Houjun Liu

top-down parsing

recursive descent parsing

Given the grammar:

E -> T | T + E
T -> int | int * T | (E)

And suppose our token stream is: (int5) We will start top-level non-terminal character E, and will try to apply the rules for E in order…

(this is exactly how you imagine one builds a parser via recursive backtracking)

when does it break?

Consider S -> S a, this becomes S -> S1 a.

Notice it will break into:

bool S1() { return S() && term(a); }
bool S() { return S1(); }

This is what we call a left recursive grammar

left recursive grammar

That is, the grammar keep recurses to the left without termination.

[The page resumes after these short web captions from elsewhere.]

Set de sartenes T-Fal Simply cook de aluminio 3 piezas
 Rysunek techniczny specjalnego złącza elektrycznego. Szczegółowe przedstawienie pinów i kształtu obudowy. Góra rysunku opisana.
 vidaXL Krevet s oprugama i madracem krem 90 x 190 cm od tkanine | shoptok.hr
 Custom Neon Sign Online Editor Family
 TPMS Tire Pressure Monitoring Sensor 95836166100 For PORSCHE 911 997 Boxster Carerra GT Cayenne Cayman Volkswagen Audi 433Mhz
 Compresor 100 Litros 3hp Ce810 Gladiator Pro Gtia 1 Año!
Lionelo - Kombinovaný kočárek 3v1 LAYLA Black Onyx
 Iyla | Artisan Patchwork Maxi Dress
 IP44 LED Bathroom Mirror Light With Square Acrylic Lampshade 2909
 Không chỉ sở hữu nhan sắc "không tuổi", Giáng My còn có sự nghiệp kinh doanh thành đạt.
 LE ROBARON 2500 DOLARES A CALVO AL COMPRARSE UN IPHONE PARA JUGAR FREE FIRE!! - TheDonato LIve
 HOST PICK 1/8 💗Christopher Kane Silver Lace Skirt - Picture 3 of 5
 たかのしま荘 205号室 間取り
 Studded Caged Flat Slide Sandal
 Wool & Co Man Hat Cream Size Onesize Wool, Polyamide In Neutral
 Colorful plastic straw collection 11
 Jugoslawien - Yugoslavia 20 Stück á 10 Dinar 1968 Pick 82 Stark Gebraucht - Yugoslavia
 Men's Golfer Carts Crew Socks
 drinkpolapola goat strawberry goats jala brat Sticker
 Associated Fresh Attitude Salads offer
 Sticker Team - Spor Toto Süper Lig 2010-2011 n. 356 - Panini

fixing left recursive grammars for top-down parsing

For:

S -> S a1 | ... | S an | b1 | ... | bm

We write:

S -> b1 S' | ... | bm S'
S' -> a1 S' | ... | an S' | nothing

where nothing is the empty string.

  • example

    For the left recursive grammar

    S -> S a | b
    

    We can refactor as

    S -> B S'
    S' -> a S' | nothing
    

    where nothing is \(\epsilon\)

example!

We will define boolean functions to check the string for matches.

// gobble up the token string pointer
bool term(TOKEN tok) { return *next++ == tok; }

Let’s now match each of our productions.

bool E1() { return T(); }
bool E2() { return T() && term(PLUS) && E(); }
bool E() {
    TOKEN *save = next;
    // that is, if E1 matches, return immediately
    // otherwise, we return our saved pointer in text (i.e. roll what what
    // checking E1 could goble), and roll back
    return (
            E1() ||
            (next=save, E2());
    )
}
bool T1() { return term(INT) };
// ... you get the point